Originally
commissioned by Black Swan State Theatre
Company and first produced in 2014, Aidan
Fennessy’s The
House on the Lake is a crisp combination of whodunit mystery and
psychological thriller. A taut two-hander, the play unfolds in a series of
loops, and sees David – a lawyer suffering from anterograde amnesia
– trying to remember where he is and what has happened to him. As the play
evolves and hurtles towards its thrilling conclusion, Fennessy drip-feeds us
details, deliberately misdirecting us only to throw another clue into play
before the scene is out.
It’s rare for a
new (Australian) play to get a second production, but like STCSA’s productions of Babyteeth,
Between
Two Waves, Neighbourhood
Watch, and This
Is Where We Live in the past three years, Fennessy’s play gets a new
lease of life thanks to director Kim
Hardwick in this Griffin Theatre
Company production.

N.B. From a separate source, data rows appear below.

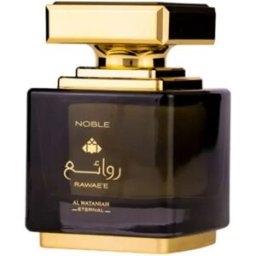 Al Wataniah Agua de perfume Rawayeh Noble 100mL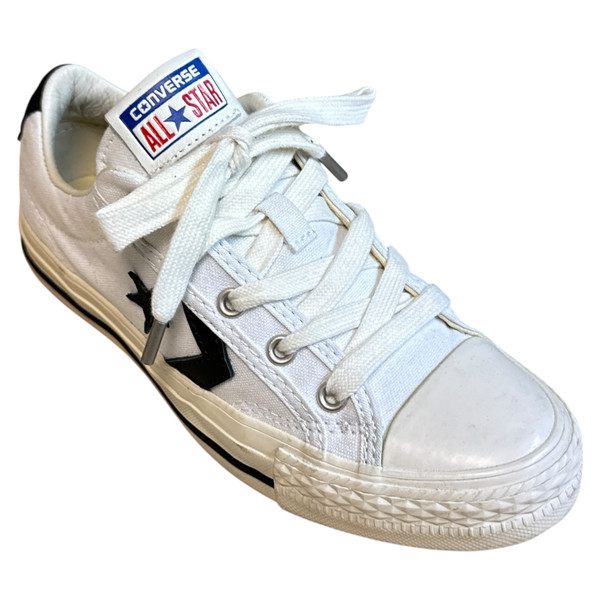 Converse Scarpe Star Player TRAMPKI damskie 36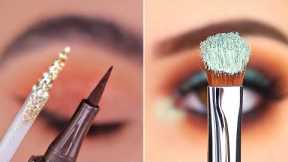 15 new amazing eyeliner tutorials & eyes makeup ideas that are at another level!
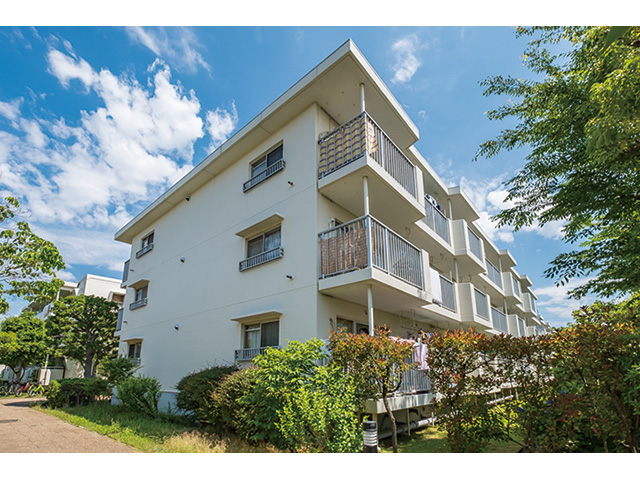 入船北エステート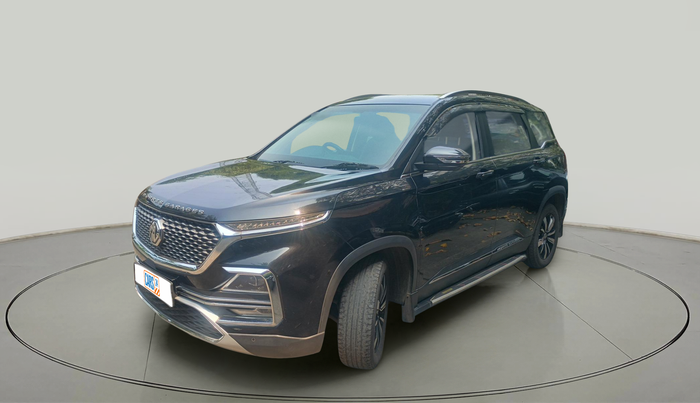 2019 MG HECTOR SMART 1.5 DCT PETROL, Petrol, Automatic, 41,345 km, exterior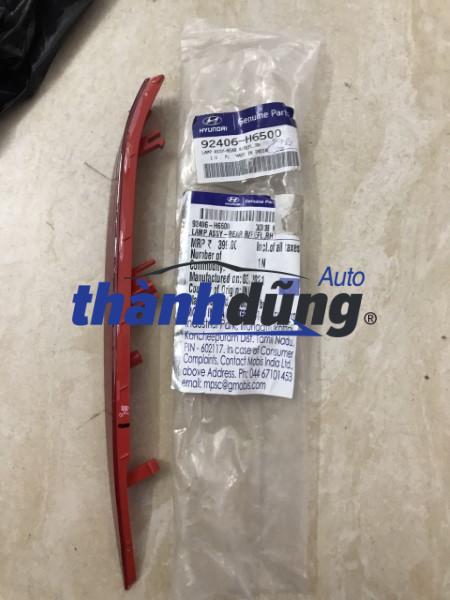 ĐÈN PHẢN QUANG CẢN SAU HYUNDAI ACCENT | 92406H6500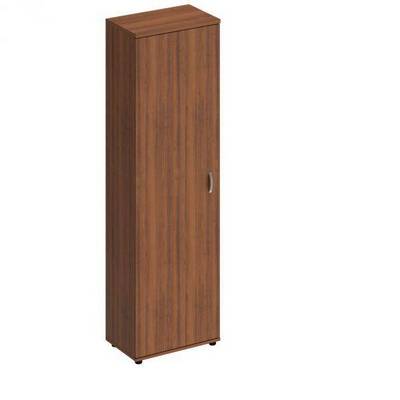Комфорт К 517 (французский орех) Шкаф для одежды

Set upon a clinical and sparse set designed by Stephen
Curtis, Huw
Higginson and Jeanette Cronin lead us through the labyrinthine layers of memory
and deception, the focus on David’s recovery, his remembering, as much as on
the tests and coaxing from the doctor, Alice. Higginson plays David with a
haunting vulnerability, his relapse into amnesia at the end of each scene
visceral and painful to watch. Cronin’s Alice
is firm but warm, gentle on occasion, and her despair at having to reiterate
the who, where, and why, at the top of each scene is palpable.
As with any good
mystery-whodunit, you try to guess the outcome almost from the first clues, but
Fennessy’s cleverness here lies not so much in when the clues are revealed but
how. We are given glimpses of information, clues, tiny fragments which may or
may not add up, but it’s not until the final scene when it all unravels. As
Fennessy’s dramaturgical control of the unfolding story tightens – as we reach
the inescapable conclusion – it’s hard not to get caught up in the story, hard
not to stop second-guessing the outcome and just let the play work its magic on
you.
It’s hard to try
to convey the full extent of the brilliance of Fennessy’s play – of the whole
experience – without spoiling the ending or the ninety wonderful minutes of
brain-workout. Kelly
Ryall’s taut strings score and subliminal underscore, combined with Martin
Kinane’s gradual shifts in lighting – from natural daylight to harsh
fluorescence and intense saturated blues – complete this atmospheric and
intelligent play. While the references to Edgar Allen Poe provide a neatness to
the ending which perhaps seems at odds with the rest of the play, it also
offers the potential for a production to explore a much darker and more gothic
sensibility, to truly delve into the nightmare David finds himself in.